Skip to content

Ravevx/GlassBoxDriver-Post-Hoc-XAI-for-Autonomous-Vehicle-Actions

Folders and files

NameName
Last commit message
Last commit date

Latest commit

 

History

24 Commits
 
 
 
 
 
 
 
 
 
 
 
 
 
 
 
 
 
 
 
 
 
 
 
 

Repository files navigation

GlassBoxDriver: Post-Hoc XAI for Autonomous Vehicle Actions (Explainable End-to-End Autonomous Driving)


Project Overview

GlassBoxDriver is a post-hoc XAI system for autonomous vehicle decision making, built on EfficientNet-B0 and nuScenes Mini. It analyses driving footage frame-by-frame, predicts actions in real-time, and explains each decision via Grad-CAM heatmaps and a steering arc overlay showing predicted direction and turn degree.

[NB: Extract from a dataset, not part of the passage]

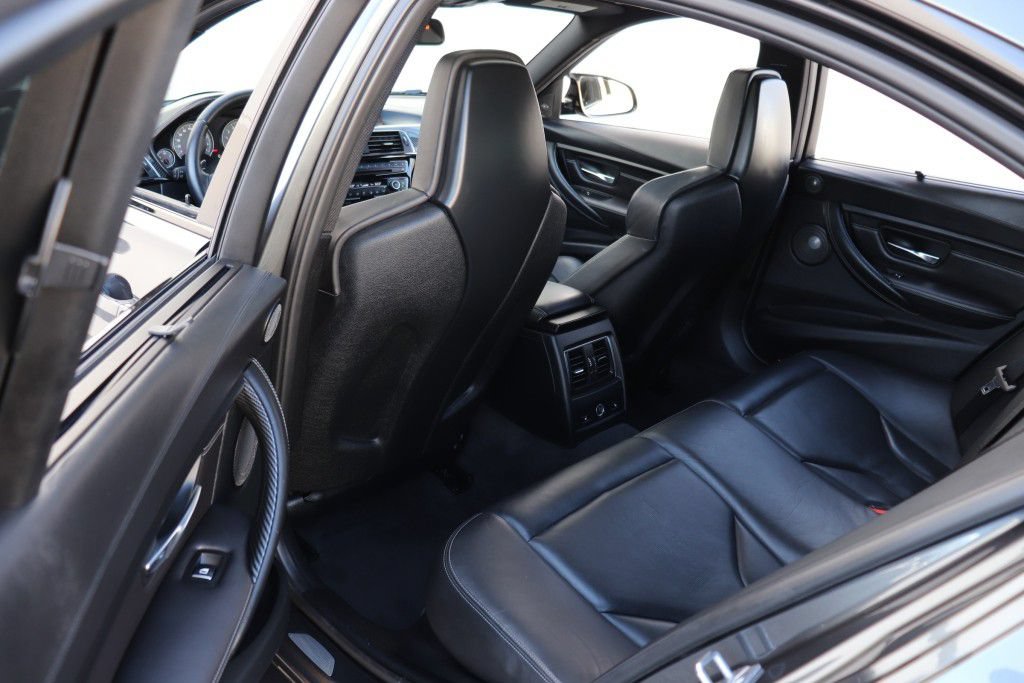 Used 2016 BMW M3 w/ Executive Package RWD image 19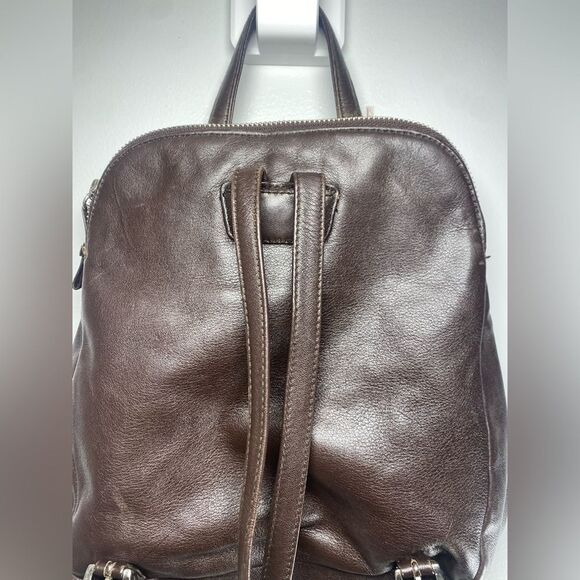 Vintage-style 2000s GUESS Brown Leather 9 Inch Backpack main image 4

GlassBoxDriver features a closed-loop human feedback pipeline- uncertain frames are auto-flagged, a human corrects them via the Streamlit UI, and the model retrains on those corrections, continuously improving from real-world errors.

The full pipeline:

  • Audit: AI analyses every frame of a driving video/ or Images
  • Flag: Low-confidence frames are automatically flagged
  • Review: Human corrects AI mistakes through the UI
  • Retrain: Model learns from human corrections
  • Repeat: System continuously improves with use

Streamlit UI Pages

UI_RunAudit UI_HumanReview

Page Description
Home Project overview and system architecture
Run Audit Upload dashcam video/Images, get annotated output with Grad-CAM steering arc
Review Flags View flagged uncertain frames and correct AI mistakes
Feedback Retrain Merge human corrections into training data and retrain
Session Logs View past audit sessions, action distribution charts, trust over time

Live Screen Inference (screen_ai.py)

Real-time predictions overlaid on game footage with steering arc and probability bars: (ignore label bug [left-right] on overlay)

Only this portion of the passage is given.